ACTIVITY → An exact reprint of the listing is required, with no pictures included.

STORED DATA →
◆ ◆ ◆ ◆ ◆
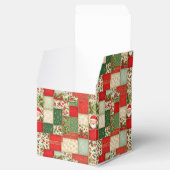 赤と緑のクリスマス・パッチワーク フェイバーボックス (オープン)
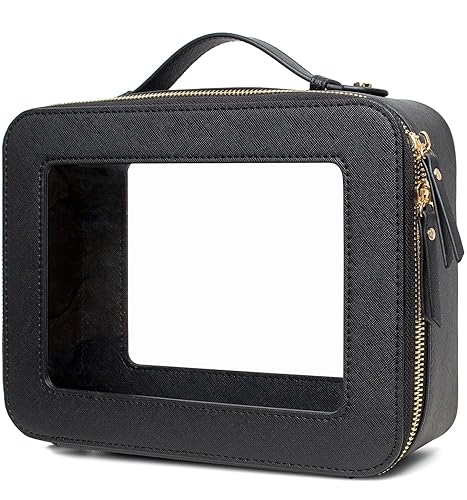 Miniatura 26 de LETGO Bolsas de maquillaje transparentes, bolsa de aseo aprobada por la TSA con cremallera, organizador de maquillaje transparente, de ajuste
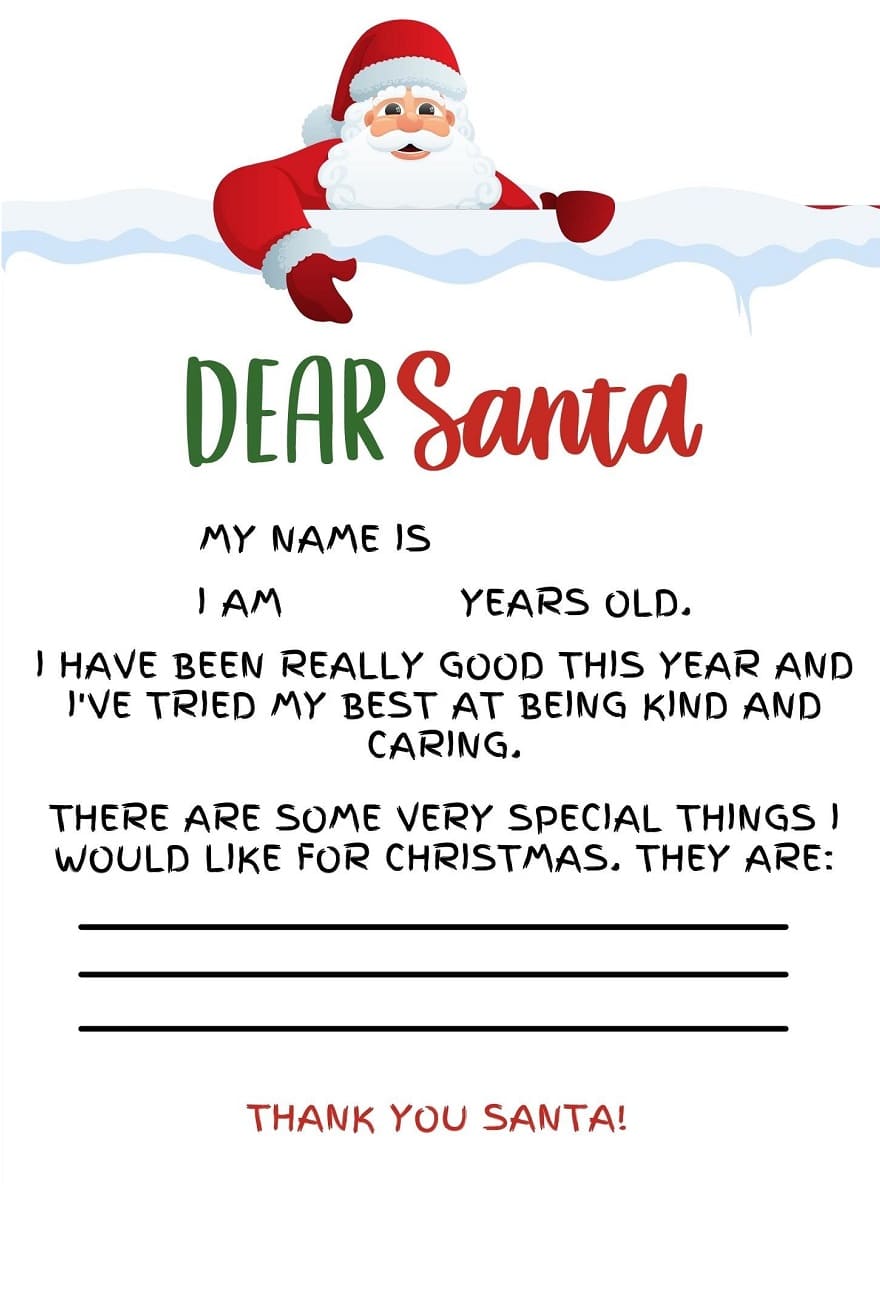 Printable Santa Letter Template Free Picture
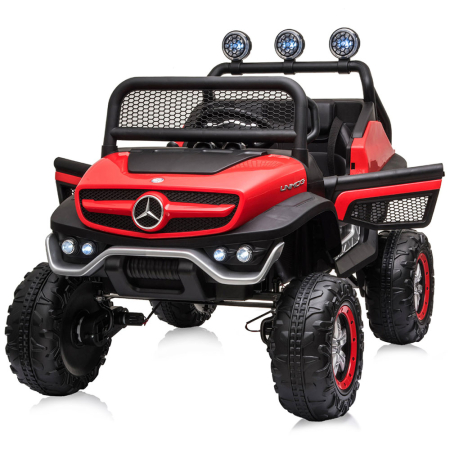 Masinuta electrica Chipolino OffRoad Mercedes Unimog cu scaun din piele si roti EVA red [5]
◆ ◆ ◆ ◆ ◆
OUTPUT OF THE EXERCISE →
 赤と緑のクリスマス・パッチワーク フェイバーボックス (オープン)
 Miniatura 26 de LETGO Bolsas de maquillaje transparentes, bolsa de aseo aprobada por la TSA con cremallera, organizador de maquillaje transparente, de ajuste
 Printable Santa Letter Template Free Picture
 Masinuta electrica Chipolino OffRoad Mercedes Unimog cu scaun din piele si roti EVA red [5]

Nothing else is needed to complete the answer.